Comment by physix
13 hours ago
This reminds me of when I was a physics undergrad way back in the mid 80s. We used to spend nights drinking beer and hacking some simulations from the Computer Recreations section of Scientific American.
Once we wanted to simulate the dynamics of galaxies. I don'it think it was an SA article, but we did it the slow way by calculating the force on every star individually from each other star. It was excruciatingly slow and boring.
Then some time later, I don't recall where I picked that up, I updated the simulation to just model the force on each star coming from the galaxy's centre of mass.
I could simulate many more stars, have galaxies collide and see them spin off with their stars scattering around.
What struck me was that they looked like real galaxies we see out there.

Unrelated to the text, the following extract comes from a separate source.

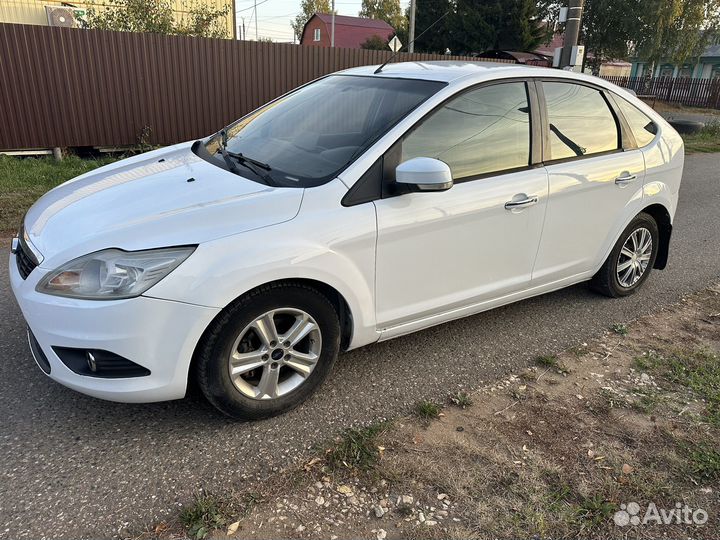 Ford Focus 1.6 AT, 2010, 250 000 км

I wasn't aware of the postulations made in the 60s/70s about there being supermassive black holes at the centre of galaxies, but to me, this simplified simulation was kind of like a smoking gun for that... from an 80286 IBM PC AT.
Even the largest SMBHs mass is a minute fraction of their host galaxies' total mass so it is not the case that everything is just orbiting the SMBH.
Ah, yes, of course! Thanks.
If we're assuming that the galaxy is radially symmetrical, doesn't it immediately follow that the combined gravitational force on a given star is the same as if we applied the force from a combined mass at the center?
This wouldn't work for something like the Solar system with a very sparse distribution of mass, but at the galaxy level it seems right even without the presence of a black hole.
Even when the distance between the centres of mass of two colliding galaxies become comparable to their size?
It's a long time ago, but what I remember was being fascinated by the shapes of the galaxies emerging from a collision under this centre-of-mass approximation, and that it created shapes we see out there. It was as if the main effect were a central mass in each galaxy dominating the dynamics.